Small businesses are the biggest beneficiaries of the Government’s redesigned research and development tax credit package, but questions remain over whether it will benefit the loss-making firms that need it most, Thomas Coughlan reports.
The Government has increased its tax credit for R&D spending to 15 percent from 12.5 percent and halved the threshold to $50,000 to help small businesses.
Research and innovation Minister Megan Woods and Revenue Minister Stuart Nash announced the Government’s long-awaited R&D tax credit scheme this morning. It comprised a 15 percent tax credit for R&D spending over $50,000 and a scheme for loss-making firms to claim tax credits.
Eligible expenditure will be capped at $120 million, meaning the maximum credit will be $18 million.
It represents a change from the Government’s initial proposal. It had proposed a 12.5 percent tax credit on “eligible” R&D expenditure for firms that spent over $100,000 on R&D.

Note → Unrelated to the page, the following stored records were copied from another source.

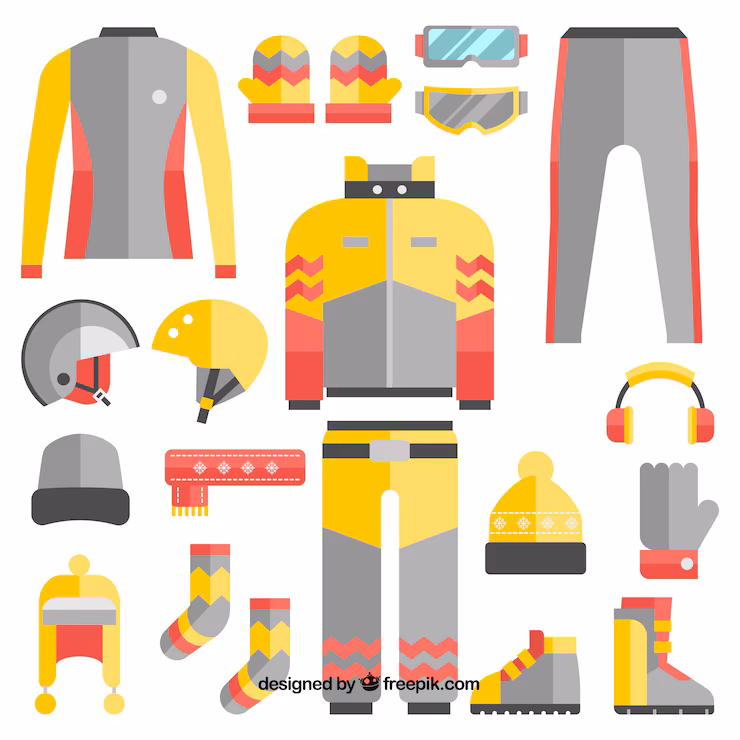 Разумная экономия на спецодежде: способы сокращения расходов без ущерба качеству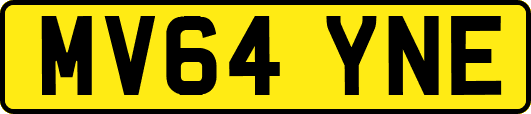 MV64YNE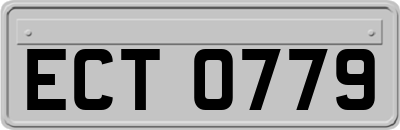 ECT0779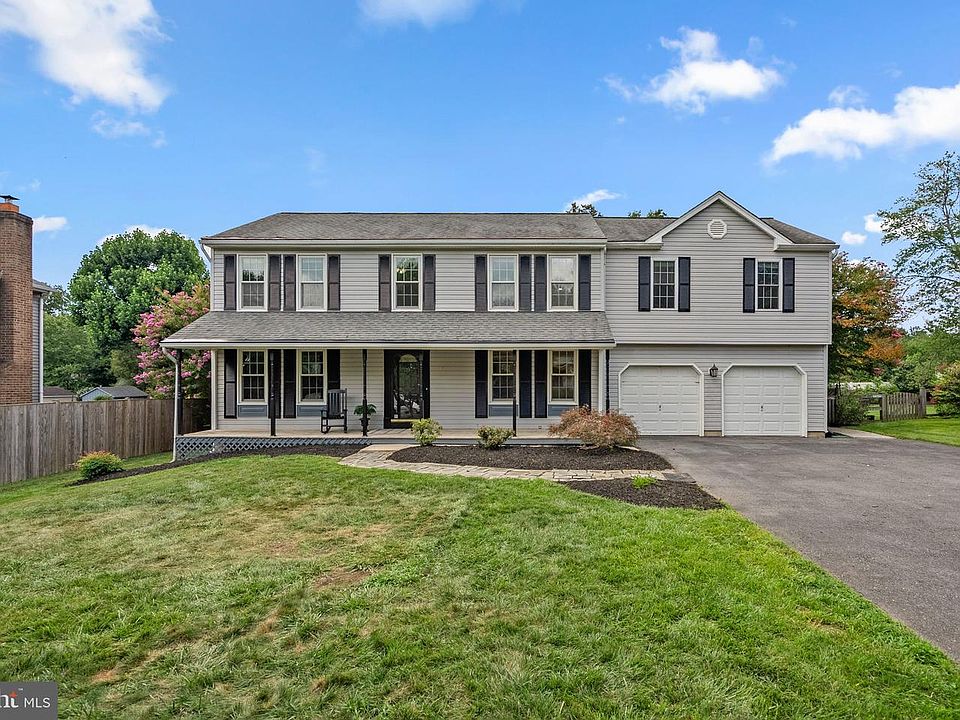 1st image of 8780 Teresa Ln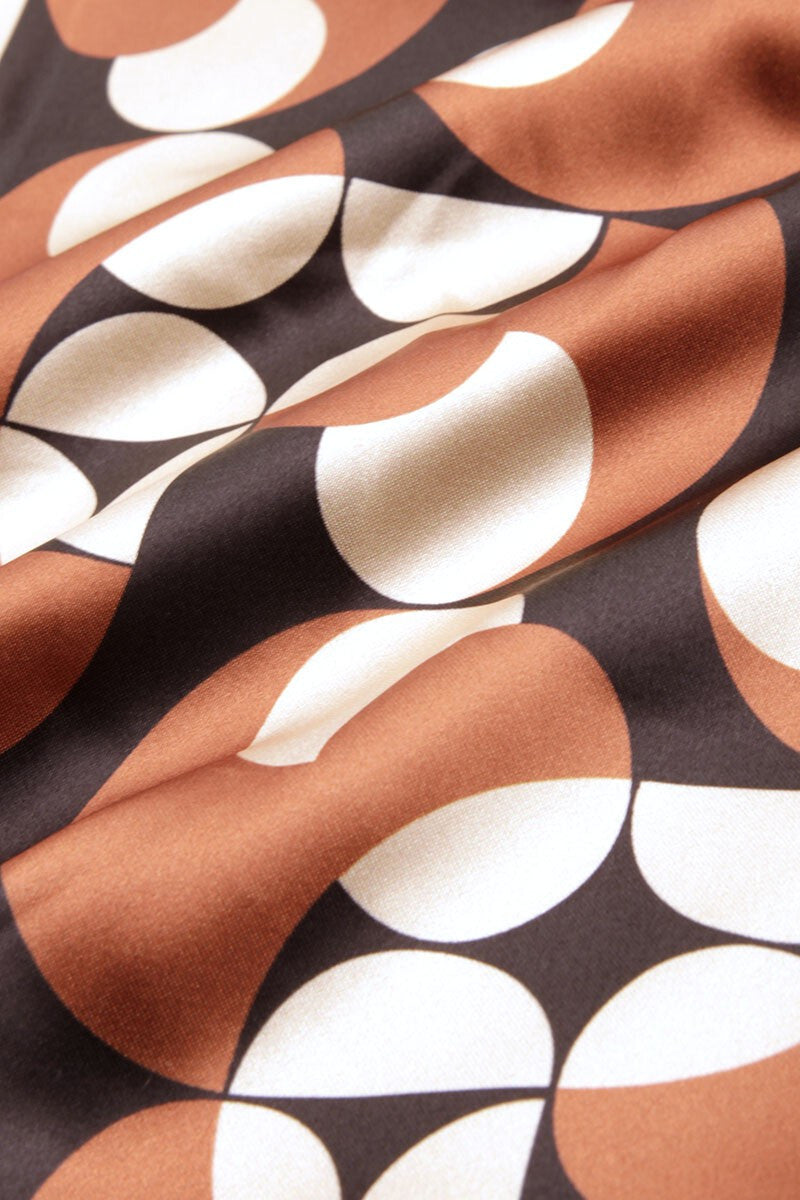 King_Louie_AMELIE_MURPHY_Kunstpelz_MANTEL_Coat_killer_kirsche_6PcwuL03IToJGU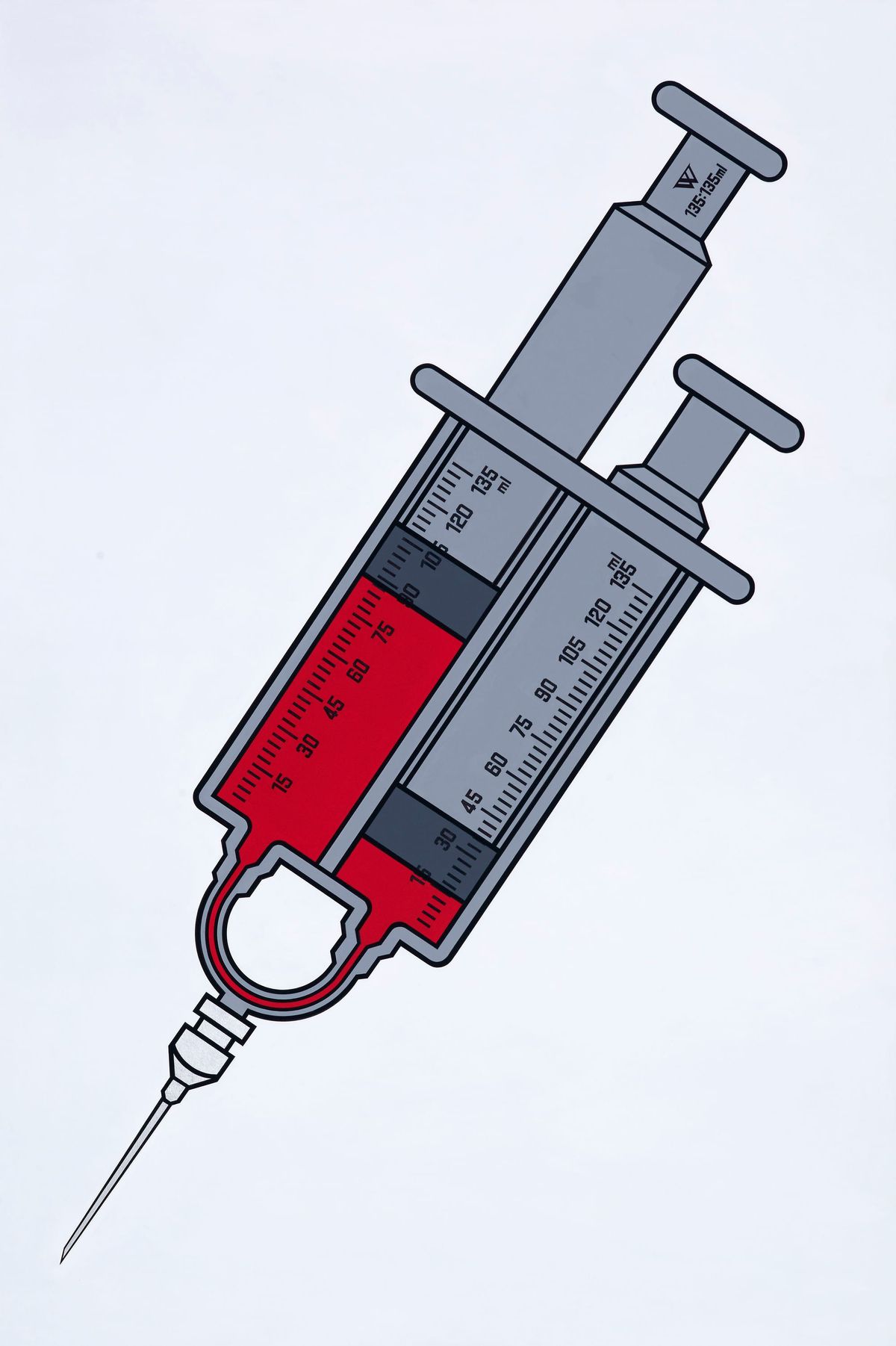 Death Means No Reversible Error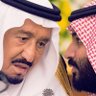 Profilbild von بندر المطيري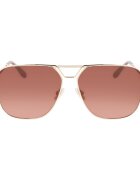 Victoria Beckham Ceasuri & Bijuterii VB217S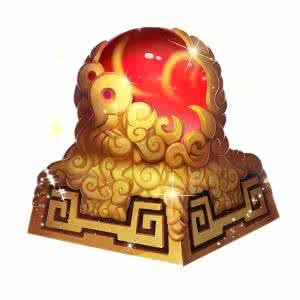 太极熊手游(暂未上线)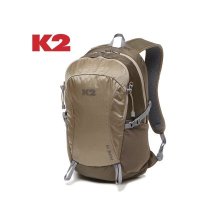 K2 남녀공용 배낭 프라임 15L PRIME 15L N KUF22B31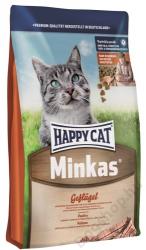 Happy Cat Minkas Poultry 3 kg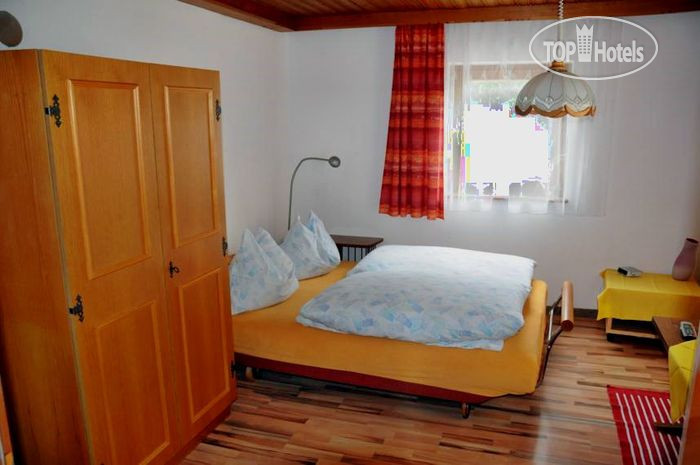 Новые добавленные фото туристов Krammer APT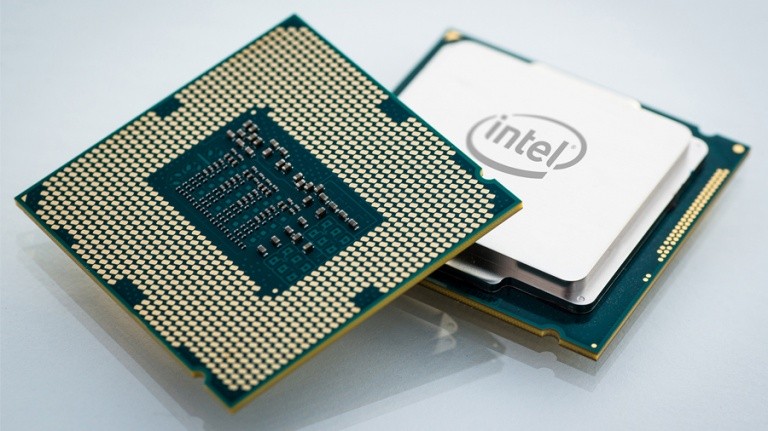 9 - Windows / Intel : une baisse de performances pour les PC d'avant 2016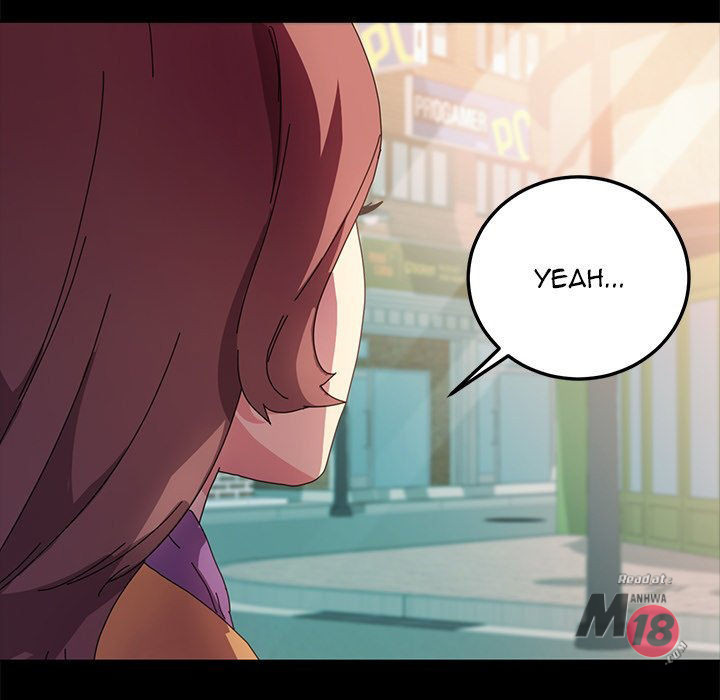 image-komik-perfect-roommates-chapter-64-124/132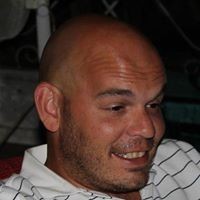 Antonio Aponte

There had been concerns the $100,000 threshold for claiming the credit was too high for SMEs and that a tax credit scheme would exclude businesses that were not yet profitable.
Companies with large R&D expenditure often post losses for several years as they spend heavily on early R&D and expansion. Accounting software company Xero is still chasing its maiden profit after twelve years of operation.
The system replaces the Growth Grant scheme operated by Callaghan Innovation. That scheme will be steadily wound down until it is phased out completely in 2020.
Loss-making businesses still lose
The Government’s changes still mean loss-making businesses are on a short leash.
It has proposed a temporary solution that will run in the first year of the scheme, but it is restrictive. To qualify, firms need to be able to attribute part of their losses to R&D expenditure and have at least 20 percent of their total labour expenditure dedicated to R&D.
And the potential gains are much smaller. Loss making firms will only be able to claim up to $255,000 or 15 percent of R&D expenditure up to $1.7 million, 72 times smaller than the grants for profit-making firms.
This would represent less financing for firms like Xero, which was given a Callaghan Growth Grant in 2014. The grant was for 20 percent of R&D spend, capped at $5 million per year.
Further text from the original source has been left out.